School Choice Indiana’s president was quoted as ecstatic, and noted that participation in the program has quadrupled since it was first introduced.
Happy days. Public schools not up to snuff? Don’t bother fixing them–privatize! (We all know that government can’t do anything right, and the private sector can’t do anything wrong.)
I’m sure it doesn’t mean anything that in Madison, Wisconsin, private schools that are currently participating in that state’s voucher program are vigorously resisting proposed new requirements that they make public their students’ achievement data.
Accountability is evidently only for public schools.
The sponsor of the Wisconsin measure, Senator Luther Olsen, is the Republican chair of the state legislature’s Education Committee. He wants the Legislature to be a “careful steward of taxpayer dollars.” As he put it, “No matter if you’re a public school, a charter school or a choice school, if you get a check, you should get a check up.”

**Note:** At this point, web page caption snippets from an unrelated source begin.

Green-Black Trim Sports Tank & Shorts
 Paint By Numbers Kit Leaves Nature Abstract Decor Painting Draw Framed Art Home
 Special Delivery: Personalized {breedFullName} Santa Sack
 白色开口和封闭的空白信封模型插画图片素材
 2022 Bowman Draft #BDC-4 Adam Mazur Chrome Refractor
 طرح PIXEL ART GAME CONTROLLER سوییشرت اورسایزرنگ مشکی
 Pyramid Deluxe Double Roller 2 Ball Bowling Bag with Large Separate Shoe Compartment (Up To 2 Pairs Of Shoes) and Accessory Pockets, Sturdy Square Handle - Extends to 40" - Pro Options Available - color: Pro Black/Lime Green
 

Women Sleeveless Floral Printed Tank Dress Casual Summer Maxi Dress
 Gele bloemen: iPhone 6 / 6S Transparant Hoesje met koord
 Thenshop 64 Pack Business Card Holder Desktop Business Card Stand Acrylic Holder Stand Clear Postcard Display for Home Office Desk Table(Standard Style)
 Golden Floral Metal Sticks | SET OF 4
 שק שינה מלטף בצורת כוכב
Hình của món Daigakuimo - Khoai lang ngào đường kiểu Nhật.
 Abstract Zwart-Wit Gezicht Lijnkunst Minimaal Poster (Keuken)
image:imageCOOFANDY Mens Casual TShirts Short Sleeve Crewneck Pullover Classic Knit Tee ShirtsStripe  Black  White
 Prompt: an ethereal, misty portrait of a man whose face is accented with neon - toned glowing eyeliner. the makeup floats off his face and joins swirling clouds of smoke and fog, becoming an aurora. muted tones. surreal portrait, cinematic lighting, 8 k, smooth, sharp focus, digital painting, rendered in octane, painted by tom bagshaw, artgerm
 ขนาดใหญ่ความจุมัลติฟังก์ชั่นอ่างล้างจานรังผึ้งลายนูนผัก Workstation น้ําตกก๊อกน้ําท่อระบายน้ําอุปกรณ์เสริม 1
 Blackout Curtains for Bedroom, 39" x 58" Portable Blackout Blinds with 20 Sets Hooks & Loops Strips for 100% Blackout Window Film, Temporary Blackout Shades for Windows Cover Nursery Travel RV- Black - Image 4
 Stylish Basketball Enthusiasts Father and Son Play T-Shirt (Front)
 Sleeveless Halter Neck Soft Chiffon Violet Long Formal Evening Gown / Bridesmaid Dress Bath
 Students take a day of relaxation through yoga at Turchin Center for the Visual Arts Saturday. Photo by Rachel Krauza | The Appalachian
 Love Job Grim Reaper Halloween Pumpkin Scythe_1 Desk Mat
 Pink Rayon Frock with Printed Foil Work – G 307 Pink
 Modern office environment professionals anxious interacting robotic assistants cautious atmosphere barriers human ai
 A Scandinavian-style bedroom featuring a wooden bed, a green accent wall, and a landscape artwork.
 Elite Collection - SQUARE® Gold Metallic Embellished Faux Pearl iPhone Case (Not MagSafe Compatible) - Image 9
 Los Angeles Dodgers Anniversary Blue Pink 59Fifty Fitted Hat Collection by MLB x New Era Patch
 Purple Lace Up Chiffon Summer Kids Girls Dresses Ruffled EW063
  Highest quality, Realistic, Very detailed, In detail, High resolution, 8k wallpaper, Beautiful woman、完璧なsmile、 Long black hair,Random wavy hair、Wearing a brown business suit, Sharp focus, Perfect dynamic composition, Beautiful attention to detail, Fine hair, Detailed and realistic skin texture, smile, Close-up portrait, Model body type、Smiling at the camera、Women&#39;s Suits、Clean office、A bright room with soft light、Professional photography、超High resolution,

That seems eminently reasonable. If tax dollars are going to private schools, the very least we should expect is information about the effectiveness of the programs those dollars are supporting. Furthermore, if parents are going to make informed choices about where to send their children to school, it seems only fair that they should have access to basic information about the performance of the schools they are considering.
According to news reports, however, Wisconsin’s non-public schools are adamantly opposed to making their results public, and the legislature is unlikely to pass the measure.
Interesting, isn’t it? The most vocal critics of public schools–the advocates and beneficiaries of voucher programs that bleed resources from the public system to support their own institutions, the people who insist upon testing and accountability for public schools–aren’t so enthusiastic about performance reviews when they are the ones being evaluated.
I guess sauce for the goose gets kind of bitter when it’s poured on the gander.